Les suites des élections municipales en France prennent une tournure judiciaire. Alors que les urnes ont livré leur verdict, un candidat malheureux conteste formellement les résultats, pointant du doigt une campagne de déstabilisation numérique de grande ampleur.
À Toulouse, le député de La France insoumise (LFI) François Piquemal a décidé de saisir le tribunal administratif. Battu par le maire sortant Jean-Luc Moudenc, réélu avec 53 % des suffrages, l’élu demande l’annulation pure et simple du scrutin. Par la voix de ses avocats, il dénonce des « actions de malveillance » et des « ingérences numériques étrangères » qui auraient faussé l’issue de l’élection.
Selon l’agence Anadolu, ces attaques visaient à diffuser de fausses accusations de nature criminelle via des comptes anonymes, dans le but de jeter le discrédit sur la candidature de François Piquemal. Cette offensive numérique ne se limiterait pas à la ville de Toulouse. D’autres figures du mouvement insoumis, à l’image de Sébastien Delogu à Marseille et de David Guiraud à Roubaix, ont subi des campagnes de dénigrement similaires sur les réseaux sociaux.

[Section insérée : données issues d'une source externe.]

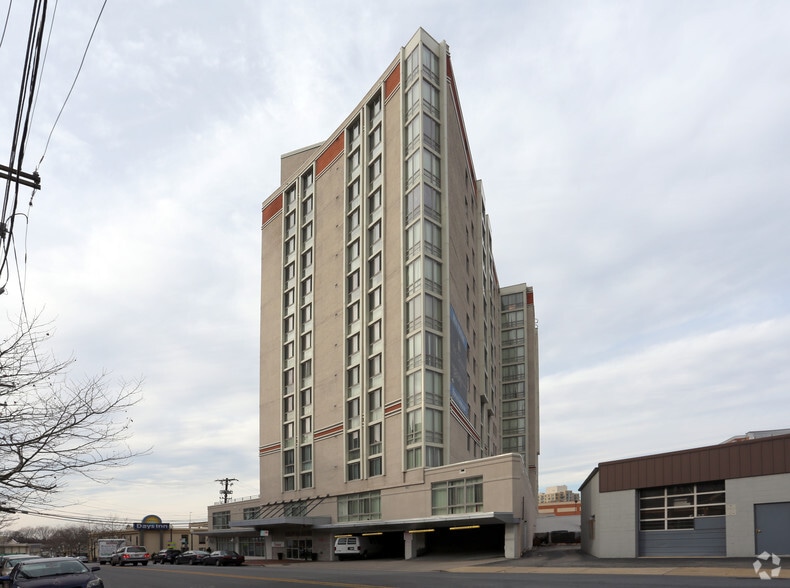 Primary Photo Of 8060 13th St, Silver Spring Apartments For Lease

Ces opérations ont été documentées par le Réseau de Coordination et de Protection des Élections, un organisme public français. Leur impact concret sur le vote n’est pas encore déterminé. Les premiers éléments évoqués par la presse hexagonale orientent les investigations vers une société étrangère spécialisée dans l’influence en ligne, bien qu’aucune implication étatique formelle ne soit démontrée à ce stade.
Face aux faits dénoncés, les services de renseignement français, dont la Direction générale de la sécurité extérieure (DGSE), ont pris le dossier en main pour identifier les auteurs de ces manœuvres. En parallèle du recours administratif, les conseils de François Piquemal annoncent le dépôt imminent d’une plainte pénale. L’enjeu juridique central sera d’établir si ces manipulations numériques ont effectivement altéré la sincérité du scrutin toulousain.